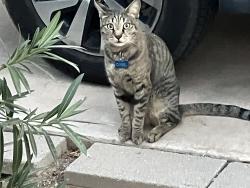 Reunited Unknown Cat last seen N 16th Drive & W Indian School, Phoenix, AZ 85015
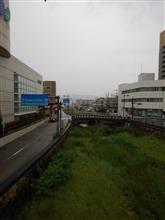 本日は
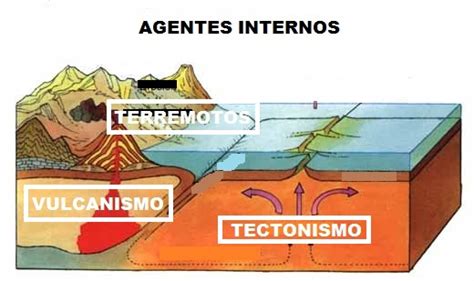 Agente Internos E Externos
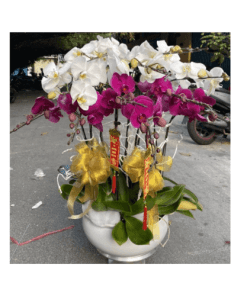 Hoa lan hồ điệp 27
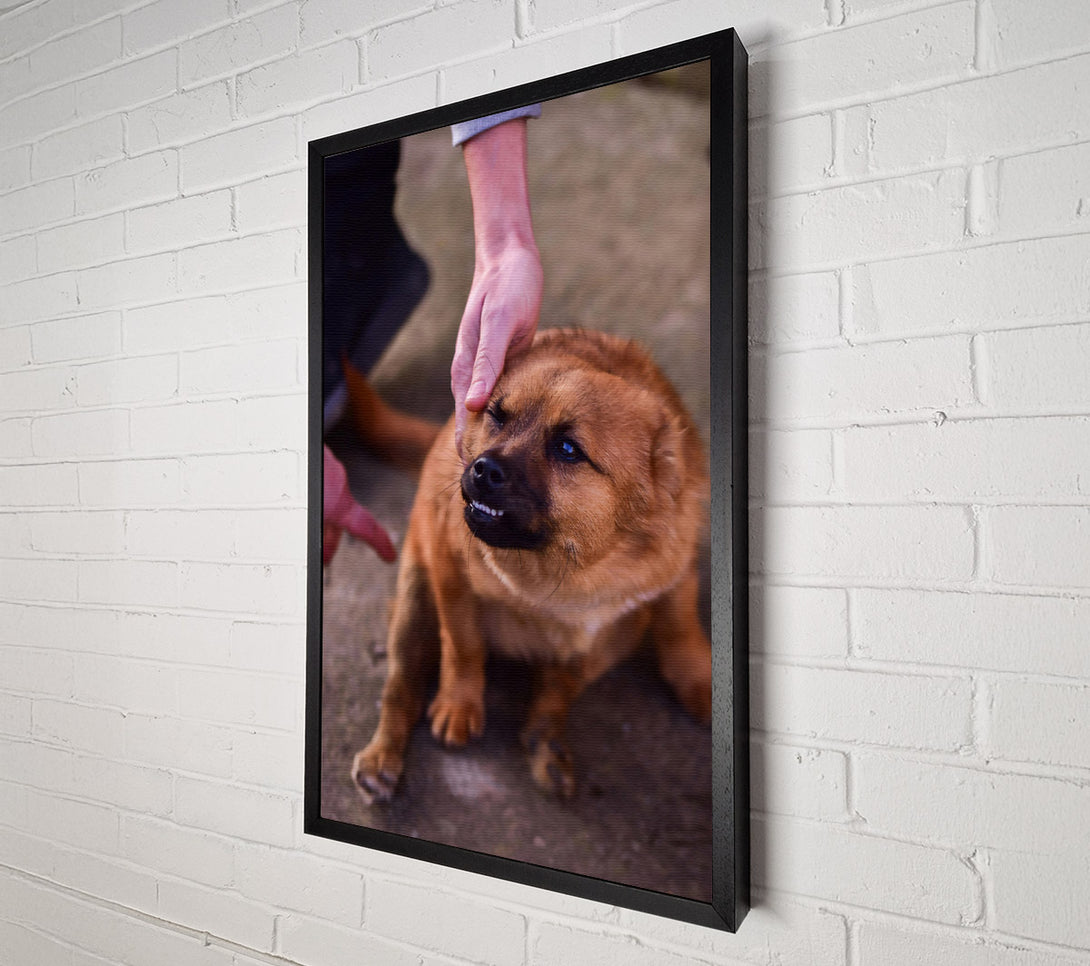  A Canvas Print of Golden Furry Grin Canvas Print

# # # #

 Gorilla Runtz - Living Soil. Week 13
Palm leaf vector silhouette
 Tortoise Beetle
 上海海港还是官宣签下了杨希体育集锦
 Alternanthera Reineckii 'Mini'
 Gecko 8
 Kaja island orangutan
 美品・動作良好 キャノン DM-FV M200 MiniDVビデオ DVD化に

# # # #

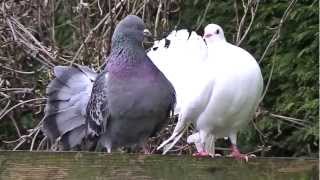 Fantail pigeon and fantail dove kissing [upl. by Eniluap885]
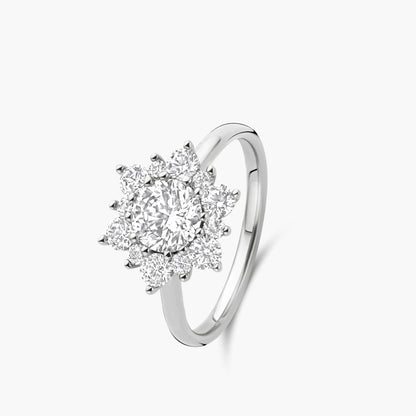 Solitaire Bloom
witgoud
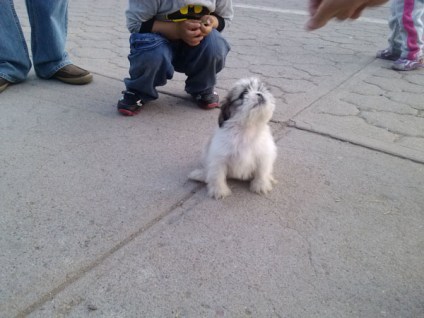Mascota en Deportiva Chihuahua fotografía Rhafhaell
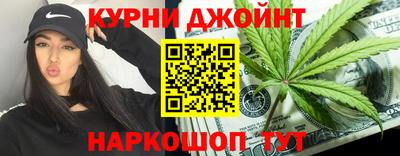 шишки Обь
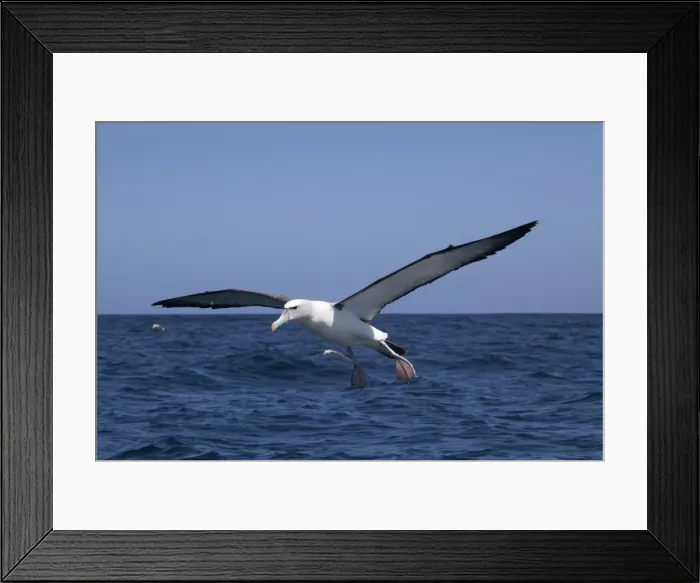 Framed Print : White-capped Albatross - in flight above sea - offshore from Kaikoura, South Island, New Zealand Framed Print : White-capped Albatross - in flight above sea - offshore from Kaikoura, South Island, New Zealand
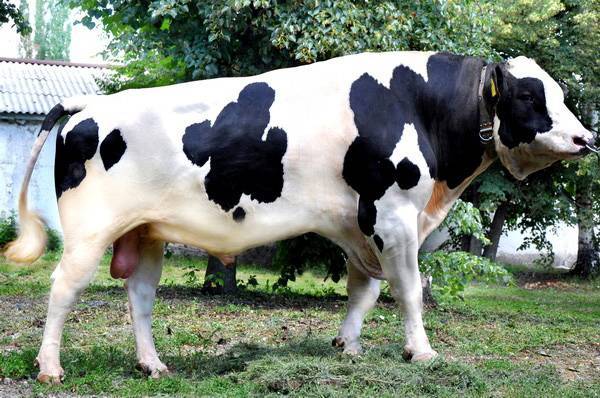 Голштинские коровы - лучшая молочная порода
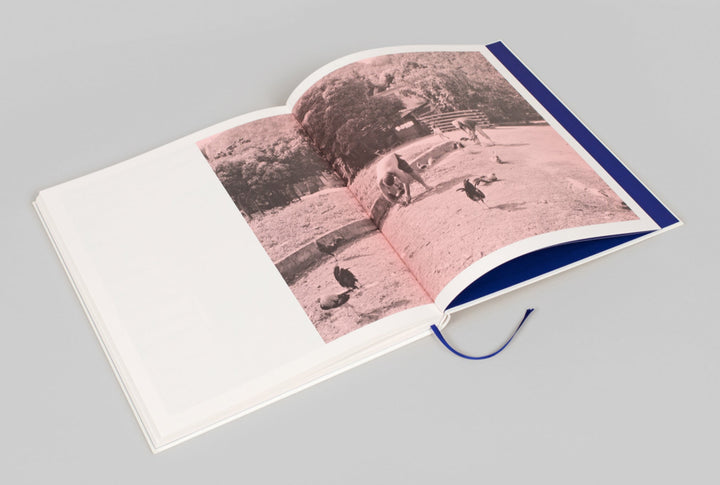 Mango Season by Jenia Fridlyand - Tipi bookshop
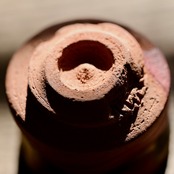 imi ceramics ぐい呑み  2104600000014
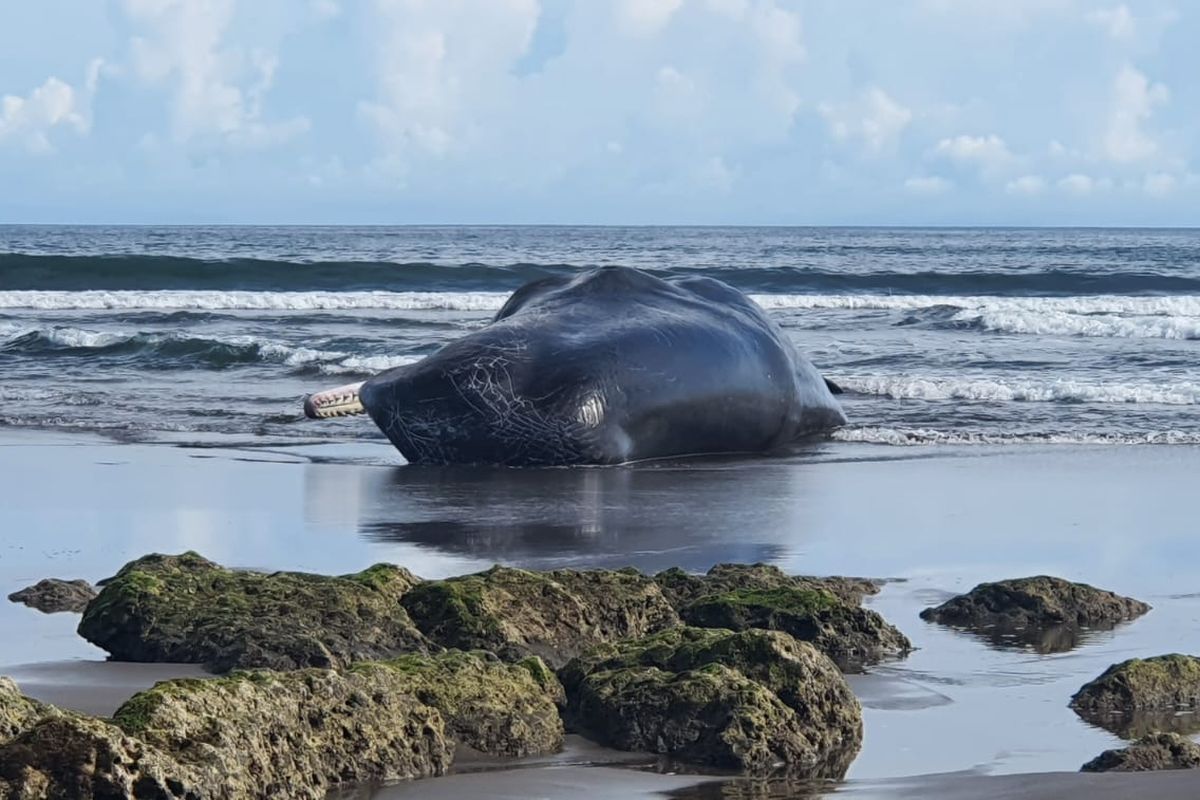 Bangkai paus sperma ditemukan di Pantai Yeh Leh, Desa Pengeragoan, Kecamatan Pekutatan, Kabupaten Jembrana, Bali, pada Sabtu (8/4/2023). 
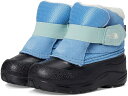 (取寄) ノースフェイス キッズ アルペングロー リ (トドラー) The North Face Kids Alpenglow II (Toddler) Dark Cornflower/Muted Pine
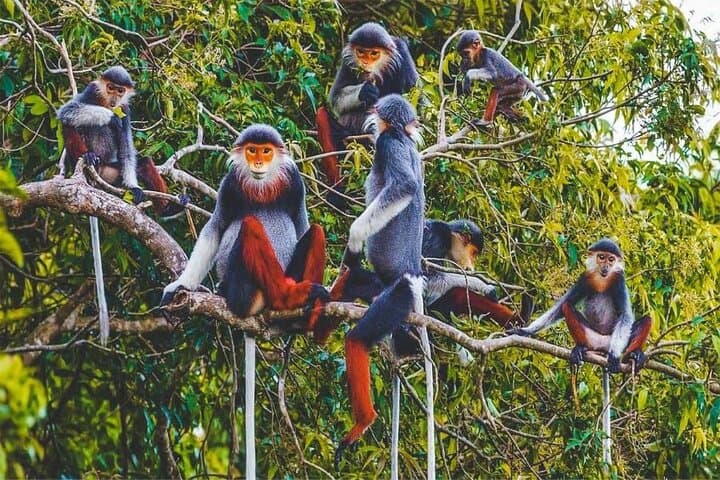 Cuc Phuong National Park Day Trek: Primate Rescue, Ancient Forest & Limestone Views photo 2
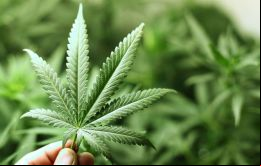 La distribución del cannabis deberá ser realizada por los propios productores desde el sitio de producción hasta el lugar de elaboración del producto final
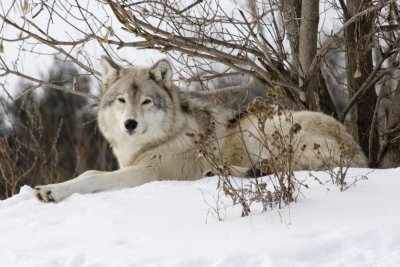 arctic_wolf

# # # #

» Work order: Could you set down, word for word, only the lines above from the line with "Alternanthera Reineckii 'Mini'" to the line with "美品・動作良好 キャノン DM-FV M200 MiniDVビデオ DVD化に", including both?

» Expected answer:
 Alternanthera Reineckii 'Mini'
 Gecko 8
 Kaja island orangutan
 美品・動作良好 キャノン DM-FV M200 MiniDVビデオ DVD化に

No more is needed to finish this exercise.